Glossary Distributed Systems

Circuit Breaker

A fault tolerance pattern that stops forwarding calls to a failing dependency, giving it time to recover while preventing cascading failures across callers.

The Cascading Failure Problem

A single slow service can bring down its callers. Consider a payment service that calls a fraud detection service with a 200ms timeout. If fraud detection starts responding in 800ms instead of 50ms, every payment call now holds a thread for 200ms before timing out. At 500 requests per second, that is 100 threads blocked at any moment. Thread pools exhaust. The payment service begins dropping requests. Its callers (the order service) start timing out too. The failure propagates upstream through the call graph. The original fault was in fraud detection; the casualty is the entire checkout flow.

A circuit breaker prevents this by making the failure fast and local. When a downstream service is degraded, the circuit breaker stops forwarding calls to it and returns an error immediately, in under 1ms, instead of waiting for a timeout.

The State Machine

A circuit breaker has three states:

Closed: normal operation. All requests pass through to the downstream service. The breaker tracks the error rate over a rolling window (for example, 10 failures in the last 20 calls, or failure rate above 50% in the last 10 seconds). When the threshold is crossed, the breaker opens.

Open: fail-fast mode. All requests are rejected immediately without contacting the downstream service. The caller receives an error or a fallback response. This state persists for a configured duration, typically 30-60 seconds.
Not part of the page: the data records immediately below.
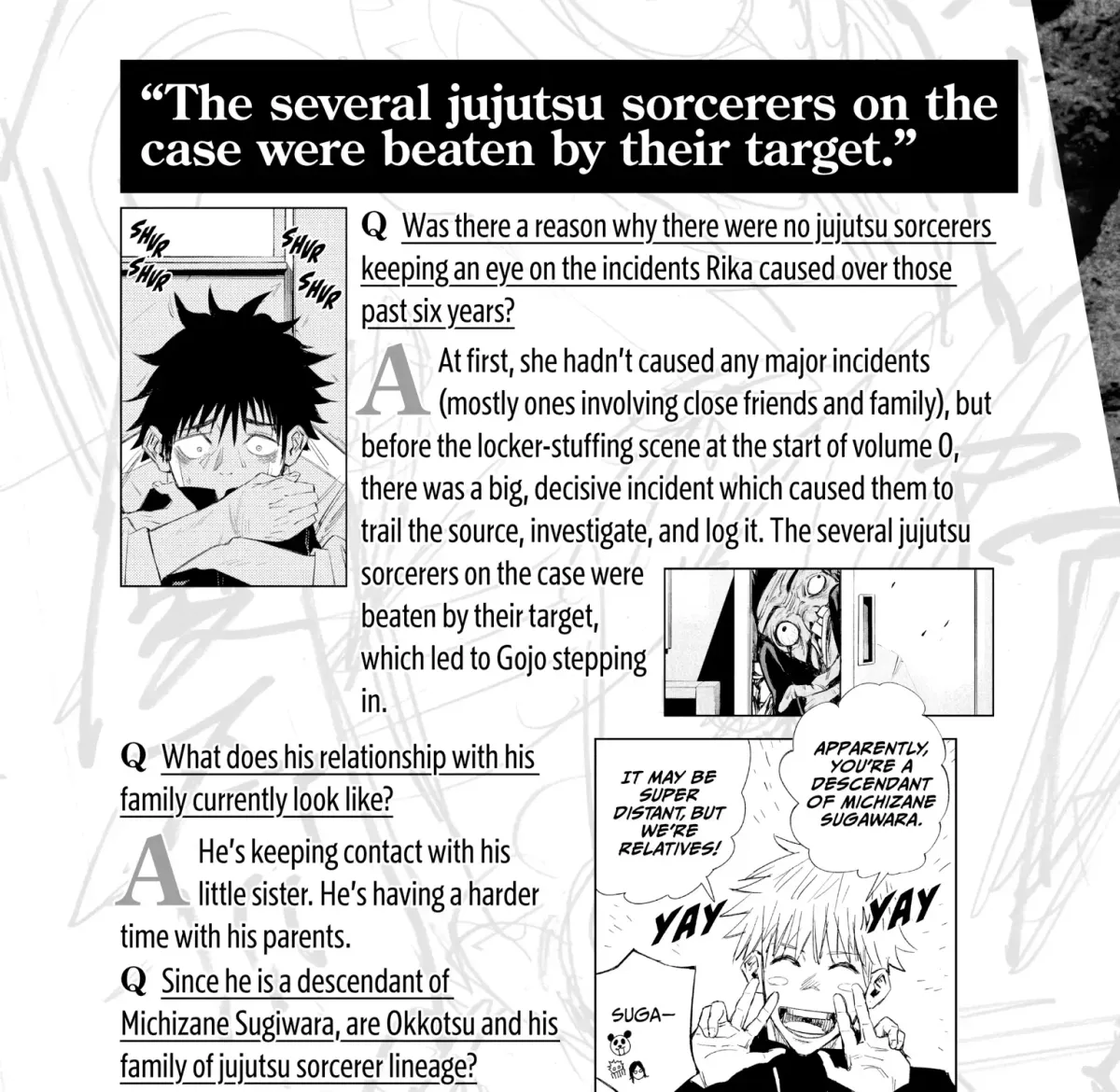 Jujutsu Kaisen: The Official Character Guide Chapter 1 page 31 - 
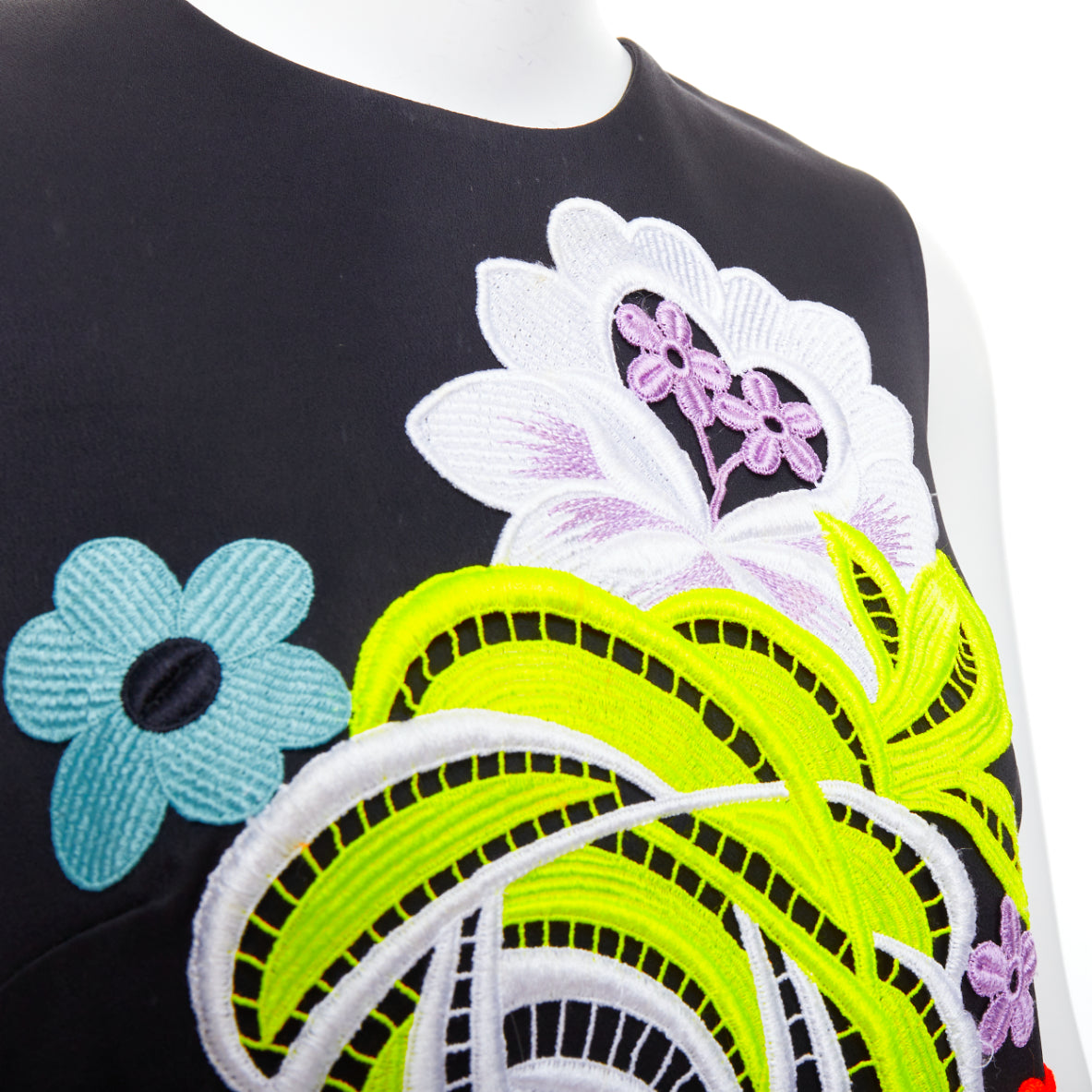 Christopher Kane Neon Floral Vest - Back view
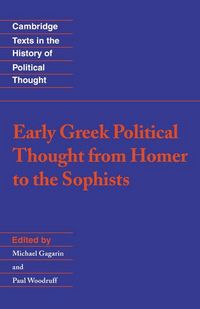 Produktbild: Early Greek Political Thought from Homer to the Sophists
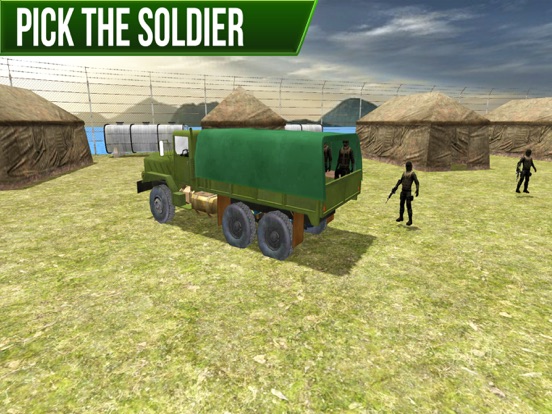 Military big truck driving 3Dのおすすめ画像1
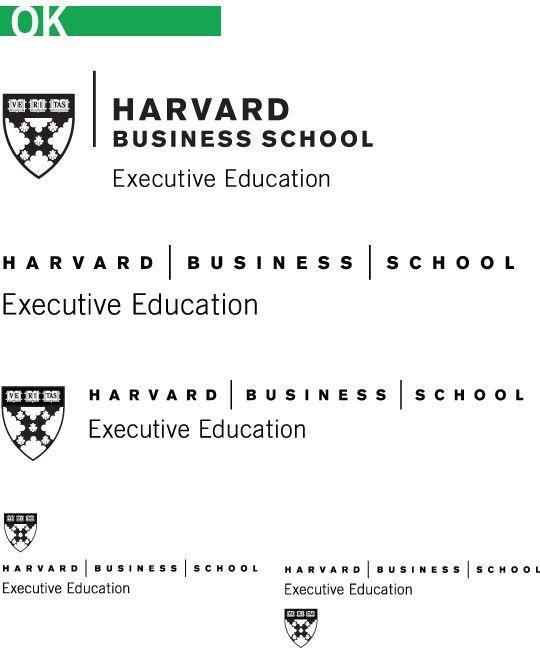 Electronic Education Logo - Executive Education - Identity Guidelines - Harvard Business School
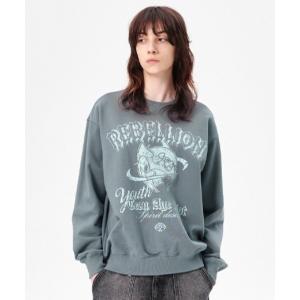 トレーナー スウェット 「mahagrid/マハグリッド」REBEL SWEATSHIRT/レベルスウェット メンズ レディース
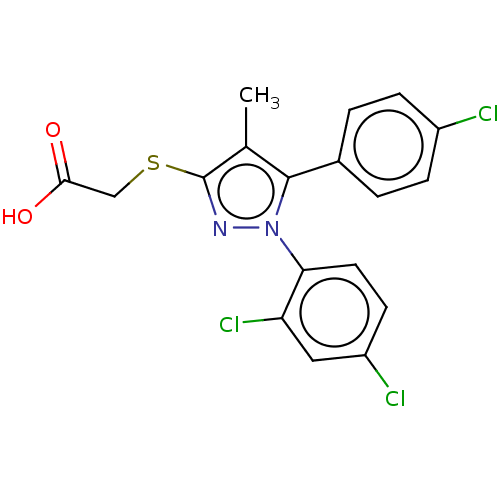 Chemical structure of BindingDB Monomer ID 234284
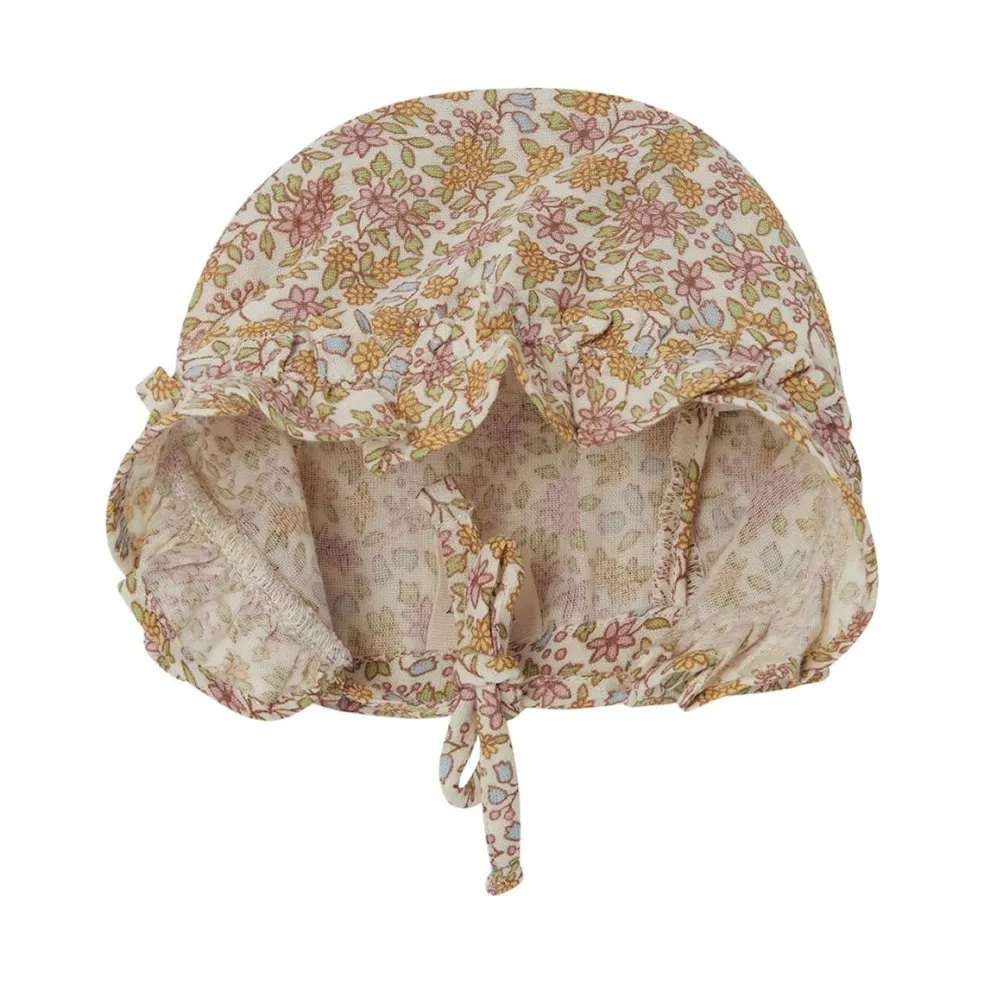 GOTS Vera Blommig Solhatt Wildflowers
Half-open: probe mode. After the open duration expires, the breaker allows a small number of probe requests through (commonly 1-5). If those succeed, the breaker resets to closed. If they fail, it returns to open. This is the state that separates a correct implementation from a naive one. Without half-open, the breaker either never recovers or floods a recovering service with the full request volume the moment it reopens.

Retry vs Circuit Breaker

Retries are optimistic: they assume the failure is transient and that trying again will succeed. Circuit breakers are pessimistic: they assume the service is degraded and protect both the caller and the downstream from additional load. They are complementary. Retries handle momentary blips (a packet drop, a brief GC pause). Circuit breakers handle sustained degradation (an overloaded service, a bad deployment). Using retries without circuit breakers amplifies load on a struggling service; using circuit breakers without retries abandons recoverable transient errors too aggressively.

Configuration Parameters

Failure threshold: the percentage or count of failures that triggers opening. Setting this too low causes flapping on normal variance. Too high and the breaker opens too late to prevent cascading failures.

Open duration: how long the breaker stays open before transitioning to half-open. This must exceed the expected recovery time of the downstream service.

Probe count in half-open: how many probe requests to allow before deciding to close or reopen. More probes give higher confidence but extend the recovery time.

Fallback Responses

When the circuit is open and calls are rejected, the caller needs a response. Fallback responses are degraded but functional: return a cached value, a default, or a user-facing message indicating the feature is temporarily unavailable. A product recommendation service with an open circuit might return an empty list rather than an error. A payment status check might return "status unknown, check back in a moment" rather than a 500. Fallbacks make the circuit breaker pattern user-visible but graceful rather than opaque and broken. Design fallbacks before you design the breaker.

Libraries and Infrastructure Options

Netflix built Hystrix to address exactly this problem in their microservices fleet. Hystrix is now in maintenance mode. Resilience4j is the current standard for Java services and provides circuit breakers, bulkheads, and rate limiters as composable decorators. Polly serves the .NET ecosystem with a similar policy-based API. Most service mesh sidecars (Envoy-based) implement circuit breaking at the infrastructure layer without requiring a library, which means the protection applies uniformly regardless of what language the service is written in.

Library vs Mesh

Using a library (Resilience4j) gives per-call configurability and access to the circuit state in application code (for fallback logic). Using a mesh (Envoy) applies the pattern without code changes, but the fallback behavior is limited to what the proxy supports (drop the connection, return a 503). Production systems sometimes use both: the mesh provides baseline protection; the library provides application-aware fallbacks.

Interview Tip

The half-open state is the probe most interviewers use to separate candidates. 80% of answers describe closed and open states correctly, then vaguely say "and then it recovers." The full answer explains: after the open timer expires, the breaker allows N probe requests; if they succeed, it resets to closed; if they fail, it extends the open state. The L5+ answer also addresses the threshold configuration challenge: in a high-variance traffic environment, a percentage-based threshold with a minimum request count window prevents false positives from triggering during low-traffic periods. Mentioning fallback design signals that the candidate thinks about the user experience during degradation, not just the protection mechanism.